## Task brief
The lines to reproduce run from the one containing "Certified 2025 Mercedes-Benz GLB 250 image 6" to the end of the listing. Reproduce them exactly, both ends included, and nothing else.

───── Source data

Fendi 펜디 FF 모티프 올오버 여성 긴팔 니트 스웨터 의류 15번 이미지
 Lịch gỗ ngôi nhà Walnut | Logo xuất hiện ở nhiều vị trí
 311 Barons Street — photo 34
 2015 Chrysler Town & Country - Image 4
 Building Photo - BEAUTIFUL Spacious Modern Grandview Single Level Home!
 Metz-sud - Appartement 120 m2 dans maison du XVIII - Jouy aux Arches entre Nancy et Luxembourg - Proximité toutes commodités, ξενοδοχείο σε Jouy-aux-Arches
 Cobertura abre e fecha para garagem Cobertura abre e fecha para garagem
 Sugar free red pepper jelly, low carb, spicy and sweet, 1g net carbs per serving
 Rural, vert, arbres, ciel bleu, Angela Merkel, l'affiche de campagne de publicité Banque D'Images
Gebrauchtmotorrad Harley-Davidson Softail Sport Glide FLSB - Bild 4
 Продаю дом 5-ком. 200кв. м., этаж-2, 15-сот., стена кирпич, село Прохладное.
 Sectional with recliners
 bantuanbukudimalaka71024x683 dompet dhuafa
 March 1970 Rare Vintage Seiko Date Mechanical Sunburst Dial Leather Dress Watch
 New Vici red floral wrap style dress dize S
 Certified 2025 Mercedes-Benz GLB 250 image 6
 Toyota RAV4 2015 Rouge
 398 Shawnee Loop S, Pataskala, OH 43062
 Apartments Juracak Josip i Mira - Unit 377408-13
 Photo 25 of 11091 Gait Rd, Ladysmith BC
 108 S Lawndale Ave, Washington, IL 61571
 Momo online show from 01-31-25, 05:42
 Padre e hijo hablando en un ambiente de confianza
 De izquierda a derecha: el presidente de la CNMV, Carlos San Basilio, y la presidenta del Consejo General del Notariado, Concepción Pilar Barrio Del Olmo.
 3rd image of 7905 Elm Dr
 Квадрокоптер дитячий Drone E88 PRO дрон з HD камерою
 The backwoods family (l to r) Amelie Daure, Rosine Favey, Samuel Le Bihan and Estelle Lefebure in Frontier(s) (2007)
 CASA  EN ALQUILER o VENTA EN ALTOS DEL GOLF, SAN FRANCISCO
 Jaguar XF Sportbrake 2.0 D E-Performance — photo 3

──────────

## Result for this exercise
 Certified 2025 Mercedes-Benz GLB 250 image 6
 Toyota RAV4 2015 Rouge
 398 Shawnee Loop S, Pataskala, OH 43062
 Apartments Juracak Josip i Mira - Unit 377408-13
 Photo 25 of 11091 Gait Rd, Ladysmith BC
 108 S Lawndale Ave, Washington, IL 61571
 Momo online show from 01-31-25, 05:42
 Padre e hijo hablando en un ambiente de confianza
 De izquierda a derecha: el presidente de la CNMV, Carlos San Basilio, y la presidenta del Consejo General del Notariado, Concepción Pilar Barrio Del Olmo.
 3rd image of 7905 Elm Dr
 Квадрокоптер дитячий Drone E88 PRO дрон з HD камерою
 The backwoods family (l to r) Amelie Daure, Rosine Favey, Samuel Le Bihan and Estelle Lefebure in Frontier(s) (2007)
 CASA  EN ALQUILER o VENTA EN ALTOS DEL GOLF, SAN FRANCISCO
 Jaguar XF Sportbrake 2.0 D E-Performance — photo 3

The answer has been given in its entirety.